De acuerdo con Rizo, cinco son los grandes proyectos que ha desarrollado la compañía hasta el momento, y otros cinco los que tiene previstos para impactar el mercado de oficinas y bodegas en los próximos años.

En Bogotá, su proyecto insignia de oficinas, bajo la marca Connecta, desarrollará en un área de 250.000 m2 25 edificios, de los cuales ya están listos 10. La inversión total en este megaproyecto equivale a $1,2 billones y su desarrollo se realiza por fases.

En materia de bodegas y logística, puso en operación Zolfunza, que cuenta con un área total de 450.000 m2 y su desarrollo costará aproximadamente $1 billón. Allí diseñó a la medida de las necesidades del cliente el centro de distribución de la cadena Homecenter –uno de los más modernos de Suramérica–, que ya tiene 62.000 m2 construidos de un total de 80.000 m2 totales previstos. La compañía planea desarrollar este año unos 100.000 m2 más en bodegas genéricas.

El tercer proyecto es el centro de distribución de Almacenes Éxito en Pereira, con un área de 17.000 m2 que puede llegar a extenderse hasta los 28.000 m2.

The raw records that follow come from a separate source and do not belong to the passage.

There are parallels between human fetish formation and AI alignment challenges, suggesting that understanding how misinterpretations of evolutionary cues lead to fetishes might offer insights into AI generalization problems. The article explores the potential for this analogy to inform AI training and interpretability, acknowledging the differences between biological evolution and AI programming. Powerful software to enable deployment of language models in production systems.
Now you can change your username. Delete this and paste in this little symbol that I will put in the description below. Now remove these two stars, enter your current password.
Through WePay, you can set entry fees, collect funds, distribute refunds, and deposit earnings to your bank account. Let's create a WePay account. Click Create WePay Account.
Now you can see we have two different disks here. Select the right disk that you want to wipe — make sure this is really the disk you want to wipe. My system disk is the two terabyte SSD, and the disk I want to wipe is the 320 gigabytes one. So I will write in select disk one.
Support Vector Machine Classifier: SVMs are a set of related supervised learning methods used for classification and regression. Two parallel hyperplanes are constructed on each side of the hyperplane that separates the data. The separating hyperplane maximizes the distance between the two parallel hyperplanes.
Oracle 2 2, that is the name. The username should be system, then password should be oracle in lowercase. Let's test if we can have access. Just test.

La apuesta industrial está por el lado de Zofrandina, la zona franca que desarrolla en el municipio de Gachancipá y que cuenta con 80.000 m2 disponibles de construcción y representa una inversión cercana a los $230.000 millones. Allí ya está a punto de trasladarse el primer cliente industrial, antes de finalizar el segundo semestre.

Cinco proyectos más hacen parte de las grandes apuestas de la compañía en los próximos años. El primero es el centro logístico para la cadena Falabella en el municipio de Sopó, que ocupará unos 54.000 m2 y estará listo en el primer trimestre de 2018. Esta instalación hace parte de un complejo logístico de unos 100.000 m2 aproximadamente, y que tendrá una inversión de $300.000 millones, donde se generará un clúster.

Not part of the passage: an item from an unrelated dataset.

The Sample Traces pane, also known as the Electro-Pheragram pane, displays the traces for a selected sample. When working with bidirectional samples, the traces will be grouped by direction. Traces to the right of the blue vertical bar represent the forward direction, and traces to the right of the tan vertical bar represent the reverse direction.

“Puerta de Oro” en Barranquilla es otro de los proyectos insignia. Se trata de una zona que desarrollará oficinas, comercio, hotel y zona residencial frente al río, en un sector al que la actual alcaldía de Alex Char le está apostando en materia de expansión. Se trata de un proyecto de uso mixto con un área vendible de entre 80.000 m2 y 100.000 m2 y que, según Rizo, podría requerir inversiones entre $500.000 millones y $600.000 millones. Su construcción arrancaría en el primer semestre de 2018.

Un desarrollo para el mediano plazo lo proyecta Terranum en las inmediaciones de la Avenida Boyacá con calle 80, donde funciona la tienda Makro. La compañía adquirió este terreno y allí reubicará la compañía de comercio, pero construirá además cuatro torres de oficinas, que de manera escalonada y dependiendo de la demanda, irán avanzando.

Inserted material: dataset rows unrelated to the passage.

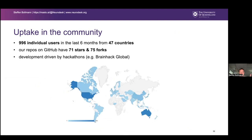Regarding community uptake: we launched three years ago but the project wasn't really usable for the first two years. In the last year it became truly usable. We started tracking users six months ago when funders asked how many users we had. In the last six months, we had about a thousand users from 47 countries. Our GitHub repos have quite a few stars and forks. Development is mainly driven by hackathons and the grant we received.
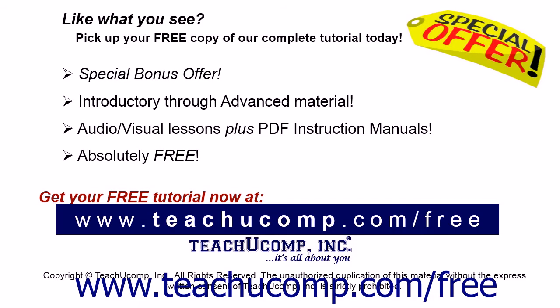Like what you see? Pick up your free copy of the complete tutorial at www.teachucomp.com forward slash free.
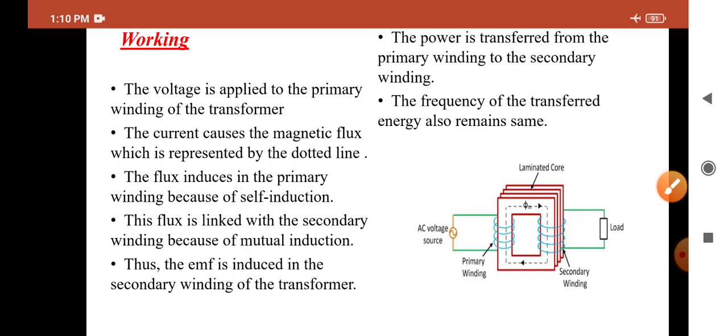When an AC voltage source is applied to the primary winding, magnetic flux is generated in the coil and an EMF is induced. As the magnetic flux is generated in the primary coil, the flux will also be generated in the core — represented as dotted lines in the figure. The flux generated in the core gives us output through the secondary winding. Frequency does not change but current or voltage can be changed. Flux induces in the primary winding due to self-induction, and flux links in the secondary coil due to mutual inductance.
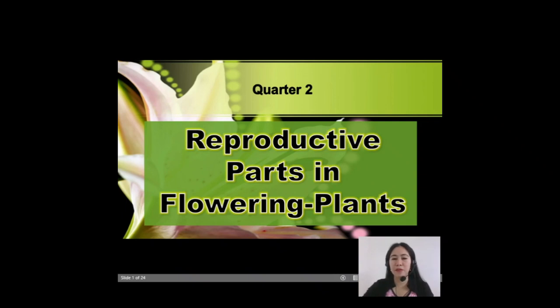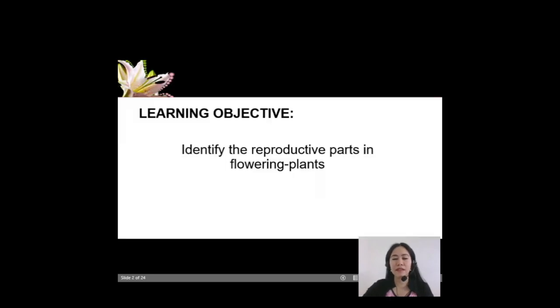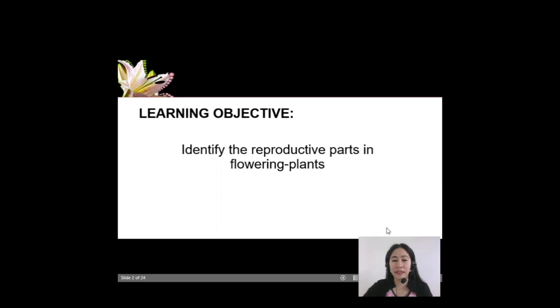Hi everyone! Welcome to my video presentation about the reproductive parts in flowering plants. In this video, the learning objective is to identify the reproductive parts in flowering plants. So are you ready? Let's begin.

El cuarto proyecto tiene que ver con el que por ahora se denomina El Rosal, en Medellín, donde se construirá la sede de la compañía Familia Sancela y que tendrá además espacios disponibles para otras empresas. Se trata de un proyecto de unos $100.000 millones, que estaría listo en el primer trimestre de 2018 y que está en fase de licencias y trámites. Su construcción está prevista para comenzar en el segundo semestre de este año.

Finalmente, una de las iniciativas que todavía está en borrador para Terranum tiene que ver con el lote donde funciona actualmente la Clínica Barraquer de Bogotá, en la Avenida 19 con calle 100. Allí tiene la primera opción de compra y la meta es hacer un desarrollo de oficinas, preservando el espacio para la Clínica. Sin embargo, en este caso su desarrollo depende de las condiciones normativas que establezca la autoridad municipal.

Con un ambicioso portafolio de desarrollos inmobiliarios bajo el brazo, el presidente de Terranum asegura que su compañía avanza “sin prisa pero sin pausa”. Una apuesta de mucho peso.